Saved data entries
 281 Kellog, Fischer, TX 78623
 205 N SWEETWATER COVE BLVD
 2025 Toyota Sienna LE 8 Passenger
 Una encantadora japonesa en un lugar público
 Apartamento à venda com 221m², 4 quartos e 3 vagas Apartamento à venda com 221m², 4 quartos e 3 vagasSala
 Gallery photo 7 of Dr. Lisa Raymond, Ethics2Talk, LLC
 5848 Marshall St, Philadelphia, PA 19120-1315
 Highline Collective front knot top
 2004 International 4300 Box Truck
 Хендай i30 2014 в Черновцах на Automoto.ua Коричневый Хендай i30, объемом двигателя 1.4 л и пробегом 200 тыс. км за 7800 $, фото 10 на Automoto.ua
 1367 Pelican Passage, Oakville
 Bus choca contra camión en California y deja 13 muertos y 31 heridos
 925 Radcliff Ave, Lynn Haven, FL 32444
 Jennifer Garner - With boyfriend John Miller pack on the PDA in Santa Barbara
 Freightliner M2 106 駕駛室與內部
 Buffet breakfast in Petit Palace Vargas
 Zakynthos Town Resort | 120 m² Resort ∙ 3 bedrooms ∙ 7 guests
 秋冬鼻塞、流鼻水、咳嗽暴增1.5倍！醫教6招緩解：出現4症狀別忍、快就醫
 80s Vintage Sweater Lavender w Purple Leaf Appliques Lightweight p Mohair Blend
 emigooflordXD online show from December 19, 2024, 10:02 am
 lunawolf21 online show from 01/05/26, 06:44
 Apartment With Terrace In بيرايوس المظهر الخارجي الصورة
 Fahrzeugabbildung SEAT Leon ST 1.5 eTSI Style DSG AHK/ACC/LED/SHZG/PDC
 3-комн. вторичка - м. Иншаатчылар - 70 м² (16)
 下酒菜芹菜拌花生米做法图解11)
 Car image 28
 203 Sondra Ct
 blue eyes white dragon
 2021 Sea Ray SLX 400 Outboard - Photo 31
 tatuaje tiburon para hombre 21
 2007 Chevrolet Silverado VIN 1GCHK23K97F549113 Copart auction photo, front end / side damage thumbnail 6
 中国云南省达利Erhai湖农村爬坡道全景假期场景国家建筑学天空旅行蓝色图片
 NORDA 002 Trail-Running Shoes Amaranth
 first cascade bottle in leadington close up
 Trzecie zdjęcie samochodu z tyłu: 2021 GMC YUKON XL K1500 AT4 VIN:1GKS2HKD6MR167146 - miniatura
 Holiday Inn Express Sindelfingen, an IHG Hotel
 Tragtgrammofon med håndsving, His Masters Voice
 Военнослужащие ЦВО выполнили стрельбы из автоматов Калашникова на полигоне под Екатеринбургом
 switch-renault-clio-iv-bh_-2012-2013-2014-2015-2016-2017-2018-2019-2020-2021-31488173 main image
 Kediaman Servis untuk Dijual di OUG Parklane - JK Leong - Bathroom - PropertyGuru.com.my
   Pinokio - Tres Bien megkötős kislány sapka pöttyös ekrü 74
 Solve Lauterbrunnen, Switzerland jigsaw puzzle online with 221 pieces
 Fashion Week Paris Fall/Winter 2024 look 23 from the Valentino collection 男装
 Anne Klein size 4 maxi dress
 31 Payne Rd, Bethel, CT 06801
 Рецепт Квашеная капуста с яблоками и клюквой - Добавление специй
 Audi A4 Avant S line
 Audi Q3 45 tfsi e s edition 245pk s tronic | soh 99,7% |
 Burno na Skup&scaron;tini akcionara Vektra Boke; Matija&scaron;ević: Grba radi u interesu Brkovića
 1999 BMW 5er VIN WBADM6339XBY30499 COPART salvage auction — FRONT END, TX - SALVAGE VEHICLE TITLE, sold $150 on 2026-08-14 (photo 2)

PROBLEM:
Repeat the entries above exactly, from the first line through the line containing "Gallery photo 7".

SOLVED PROBLEM:
 281 Kellog, Fischer, TX 78623
 205 N SWEETWATER COVE BLVD
 2025 Toyota Sienna LE 8 Passenger
 Una encantadora japonesa en un lugar público
 Apartamento à venda com 221m², 4 quartos e 3 vagas Apartamento à venda com 221m², 4 quartos e 3 vagasSala
 Gallery photo 7 of Dr. Lisa Raymond, Ethics2Talk, LLC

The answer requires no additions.